All you have to do is help Netflix read people’s minds!
The Netflix Prize is a contest that has been going on since October 2006. I didn’t hear about it until today. When you rate movies on the Netflix DVD rentals site, their proprietary Cinematch algorithm will predict which other movies you might like based on ratings that have been made by all Netflix users. It is very similar to Amazon’s “people who bought X also bought Y” feature. The Netflix Prize challenge is to come up with a new prediction system that is 10% more accurate than Cinematch. Whoever does this will get the top prize of $1,000,000. Netflix is also rewarding a periodic “progress prize” of $50,000 to people who can beat the last progress prize winner by 1%. The current progress prize winner, an AT&T Labs team named BellKor, has a technique that yields a prediction improvement of 8.5% over Cinematch. Read about their technique here.

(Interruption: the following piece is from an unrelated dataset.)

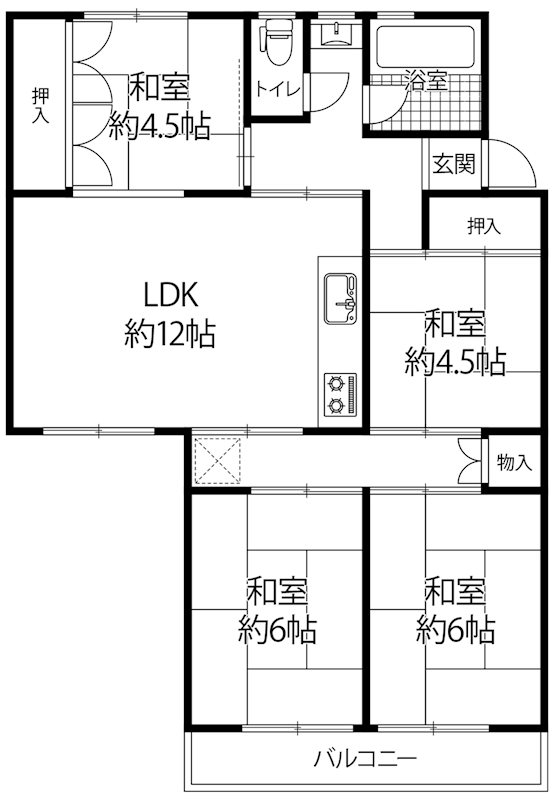 平田住宅第4号棟  間取り図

Their technique makes my brain hurt — it blends together 107 different results from a large ensemble of data mining models, including neighborhood-based models (k-NN), factorization models (such as Ridge regression), regressions based on Gaussian priors, restricted Boltzmann Machines, asymmetric factor models, and regression models (using principal components analysis for feature selection, and SVD vectors as predictor variables). Basically, they packed a data mining shotgun with as much shot as they could find, and pulled the trigger. That’s a hell of a lot of work for $50,000!
Figure 1: Oh, no! Data mining engineers found out that I like terrible movies!
By comparison, Netflix’s own Cinematch algorithm uses the following techniques, as quoted in their Netflix Prize FAQ:
How does Cinematch do it?
Straightforward statistical linear models with a lot of data conditioning. But a real-world system is much more than an algorithm, and Cinematch does a lot more than just optimize for RMSE. After all, we have a website to support. In production we have to worry about system scaling and performance, and we have additional sources to data we can use to guide our recommendations.
Netflix has begun a very interesting bounty hunt. As of today, 23021 teams from 164 different countries are clamoring for the cash. I love the idea of putting up public bounties for innovation – the X-Prize comes to mind, particularly the Google-sponsored lunar X prize.